Non classé « La société civile marocaine s’est emparée du genre »

Zohra Mezgueldi

La notion de genre est-elle aussi difficilement acceptée au Maroc qu’en France ?

Pas du tout ! Il faut arrêter d’avoir des images stéréotypées de notre pays ! Contrairement à vous, nous n’avons pas hérité de la tradition jacobine et universaliste qui marque encore trop les esprits en France. Nous n’avons pas la même histoire, mais n’avons pas non plus de problème linguistique avec le mot « genre ». Nous sommes une société ouverte qui, un peu comme une éponge, absorbe et se réapproprie les faits culturels. C’est notre spécificité ! La société civile s’est donc emparée du genre pour l’appliquer au travail énorme qu’elle accomplit depuis longtemps, que ce soit dans le domaine de l’alphabétisation, la scolarisation des filles ou la violence domestique. Cette nouvelle approche permet par exemple de prendre en compte l’homme dans le cas des violences.

Comment cette notion s’est-elle imposée dans tous les domaines ?

Dès le départ, les mouvements de défense des droits des femmes mais aussi ceux des droits humains ont eu chez nous des préoccupations sociales et ont œuvré aussi bien dans le domaine du droit (du travail ou de la famille) que dans celui de la place des femmes dans la sphère publique ou dans le développement. C’est dans ce contexte que le genre a été introduit au début des années 2000 : l’organisation d’études universitaires spécialisées a permis à beaucoup de ces acteurs de la société civile de mieux comprendre les rapports sociaux de sexes et les inégalités qui en découlaient. Aujourd’hui, c’est ensemble que nous développons une réflexion critique pour déconstruire les représentations des sexes, entre autre dans les manuels scolaires. Nous comprenons combien ce sont les sociétés, les cultures, qui dictent les usages du genre et combien ces identités, ces statuts ou ces rôles construits sont donc modifiables.

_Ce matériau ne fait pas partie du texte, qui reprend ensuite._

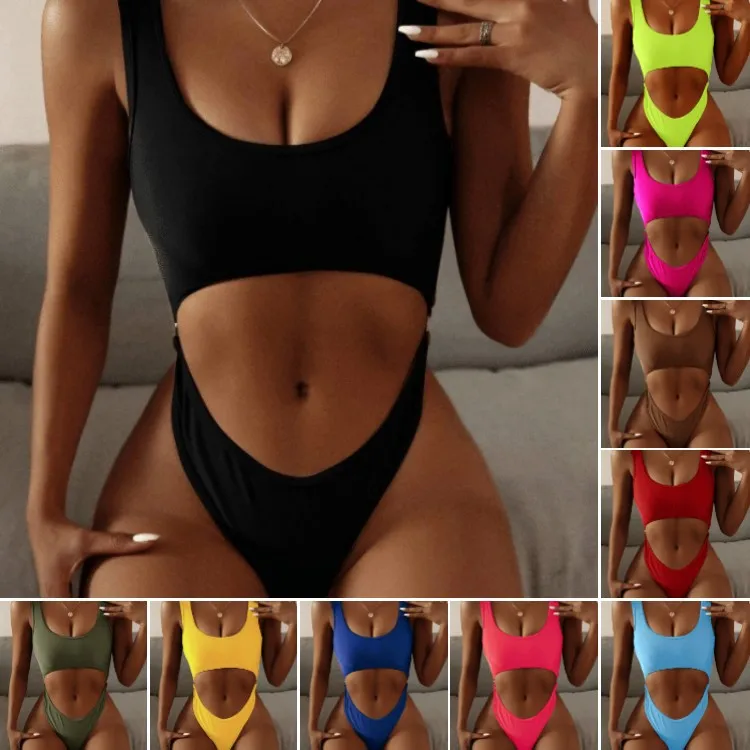 

2021 new multicolor sexy European and American solid color one-piece swimsuit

Pour ma part, c’est depuis les années soixante-dix que mon travail a porté sur la place des hommes et des femmes dans la littérature et les images stéréotypées qu’elle véhiculait. Si bien que quand le genre a été introduit, je n’ai pas été dépaysée, bien au contraire ! On n’avait pas encore le concept, mais il allait en quelque sorte de soi.

Comment s’inscrit cette nouvelle approche dans le cadre des « printemps       arabes » ?

Nous ne parlons pas au Maroc de « printemps arabe » mais plutôt de « printemps démocratique ». Il est évidemment le cadre de débats de plus en plus durs sur la vision des hommes et des femmes dans notre société dans lesquels des courants conservateurs s’opposent aux modernistes. On a ainsi pu voir les religieux s’emparer eux aussi du concept de genre… Il faut donc se poser la question du risque de le voir récupéré, et de voir les associations de la société civile en être dépossédées. Mais je garde espoir : nous sommes une société très vivante, et le genre ne peut que la faire évoluer dans le bon sens. Ce qu’il faut aujourd’hui, c’est une volonté politique. Une stratégie nationale pour l’égalité et l’équité entre les sexes par l’intégration de l’approche genre dans les politiques et programmes de développement a été mise en place par le précédent gouvernement. On attend maintenant une concrétisation de cette stratégie, mais je pense que les forces vives du Maroc bougent les lignes jusqu’au sein du mouvement islamiste et que celui-ci ne pourra pas aller contre certaines avancées.